DATA IN THIS EXERCISE

--- --- ---

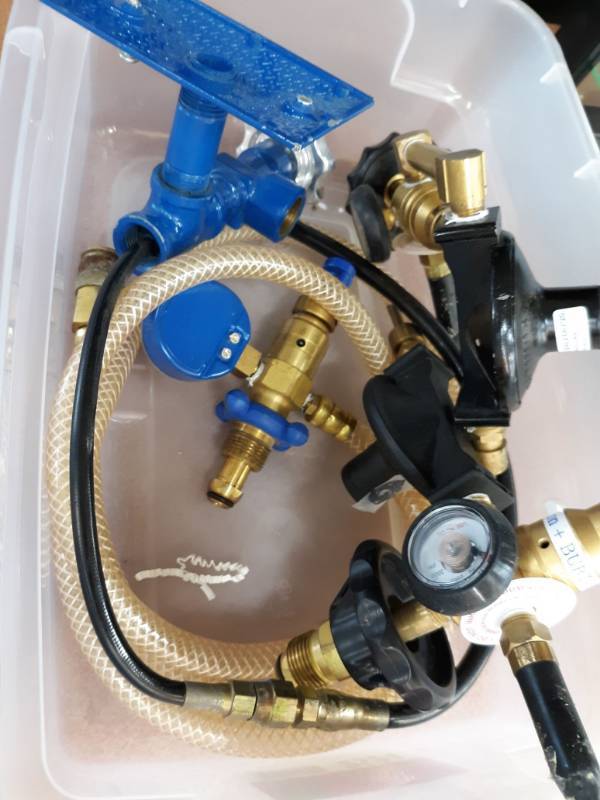 lot 2524 image: Helium Tank Regulators and Guages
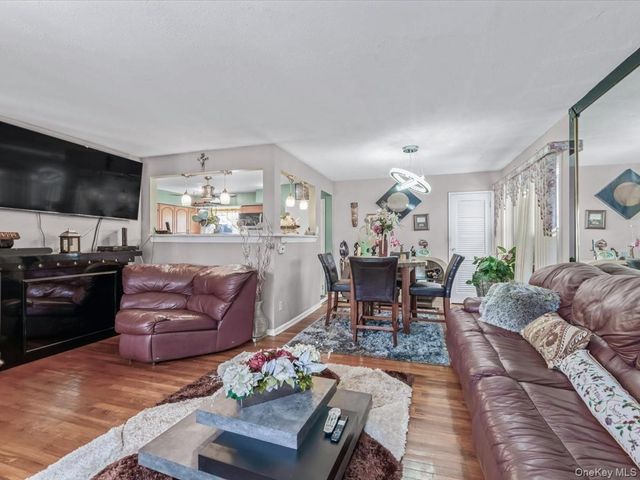 601 Chautauqua Avenue, West Hempstead, NY 11552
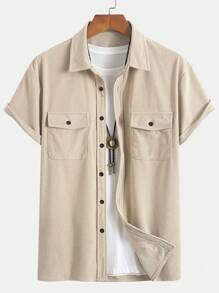 男士流行时尚经典灯芯绒短袖衬衫，翻领前扣，双口袋设计，简约风格适合休闲日常穿着，夏季新品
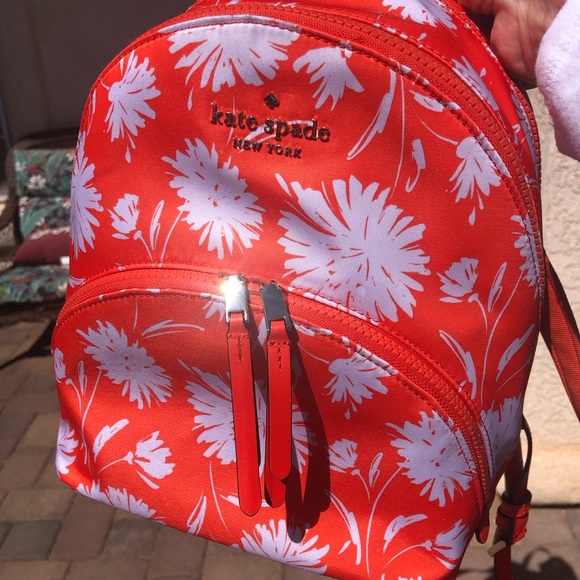 Kate Spade medium backpack- NWT Karissa wild bloom - Picture 3 of 15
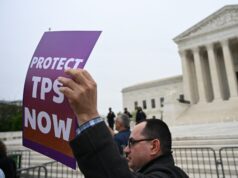 Juiz dos EUA proíbe Trump de acabar com status protegido para cidadãos iemenitas Juiz dos EUA proíbe Trump de acabar com status protegido para cidadãos iemenitas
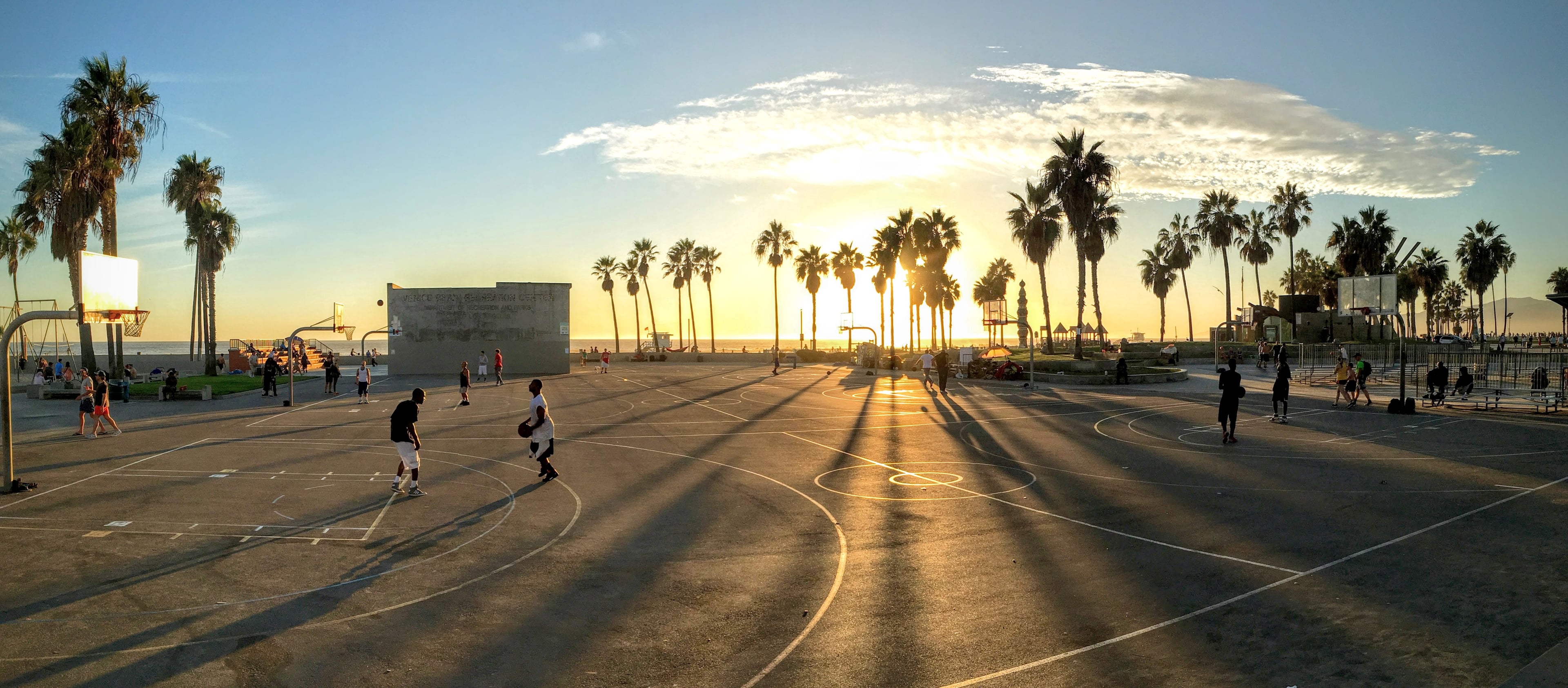 夕阳下的街头篮球局，影子拉得比人还长 🌅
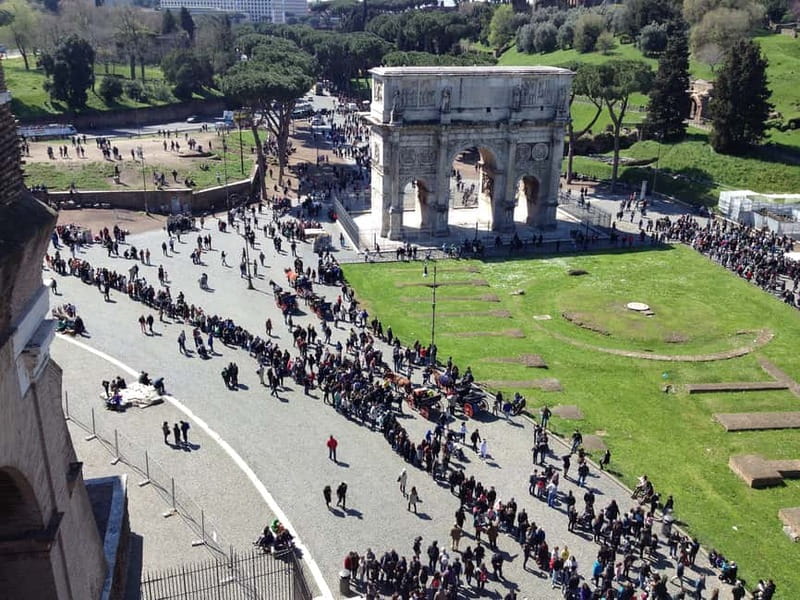Colosseum, Forum & Palatine Hill Guided Walking tour - Inside the Colosseum: Gladiators, Engineering, and Social Power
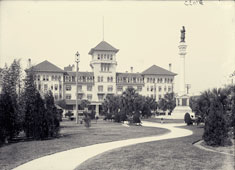 Jacksonville. Hemming Park, Windsor Hotel and Confederate monument, between 1890 and 1910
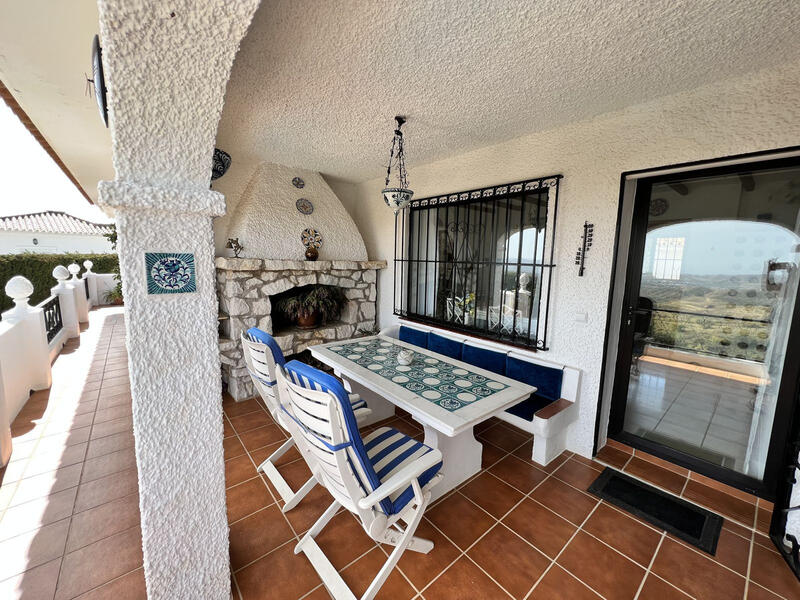 4 bedroom Villa for sale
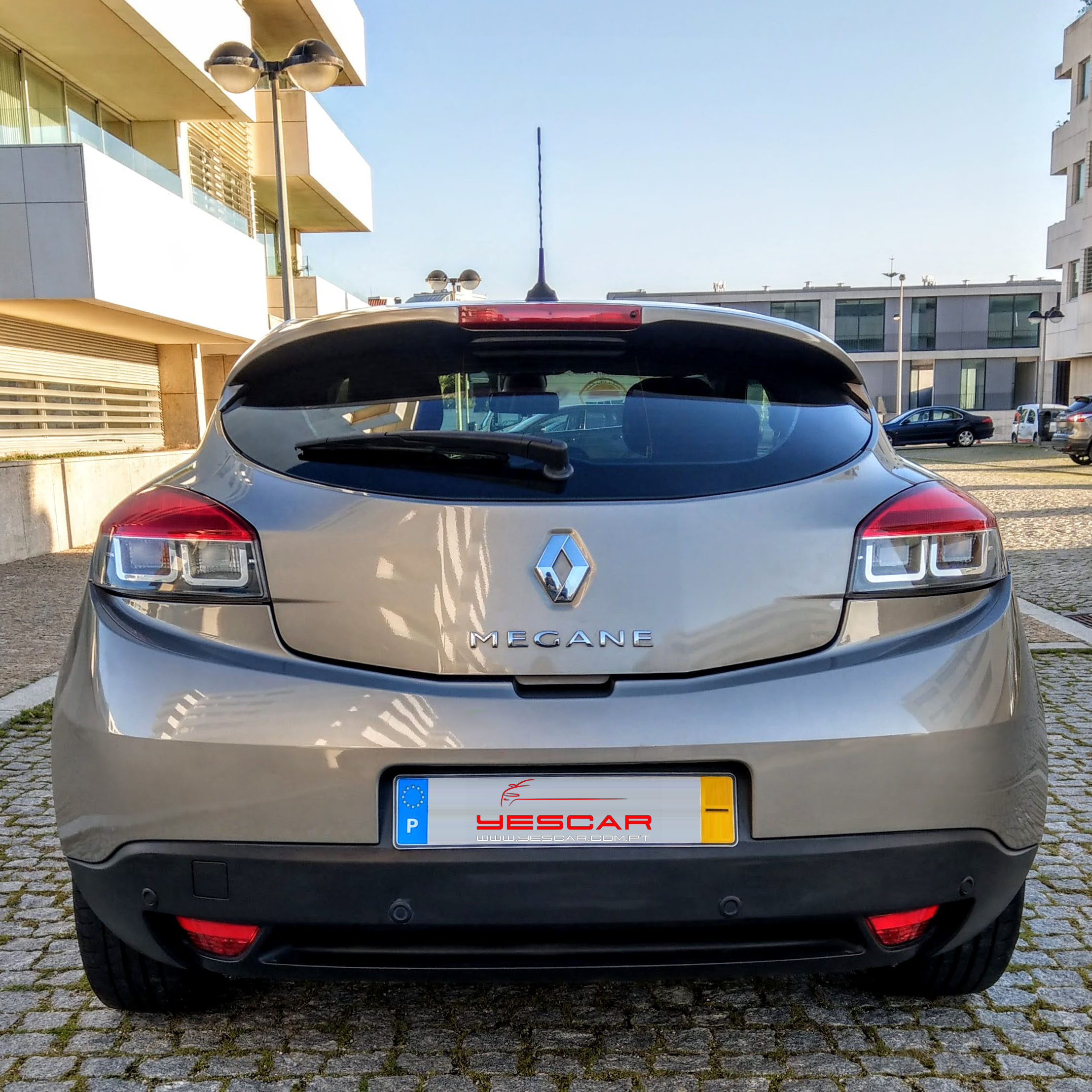 Renault Megane Coupe Yescar Automoveis (14)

--- --- ---

WHAT YOU HAVE TO DO
Every line from the one with "Kate Spade medium" through the last line of the material gets printed exactly, and nothing more. Omit the pictures.

RESULT OF THIS EXERCISE
 Kate Spade medium backpack- NWT Karissa wild bloom - Picture 3 of 15
 Juiz dos EUA proíbe Trump de acabar com status protegido para cidadãos iemenitas Juiz dos EUA proíbe Trump de acabar com status protegido para cidadãos iemenitas
 夕阳下的街头篮球局，影子拉得比人还长 🌅
Colosseum, Forum & Palatine Hill Guided Walking tour - Inside the Colosseum: Gladiators, Engineering, and Social Power
 Jacksonville. Hemming Park, Windsor Hotel and Confederate monument, between 1890 and 1910
 4 bedroom Villa for sale
 Renault Megane Coupe Yescar Automoveis (14)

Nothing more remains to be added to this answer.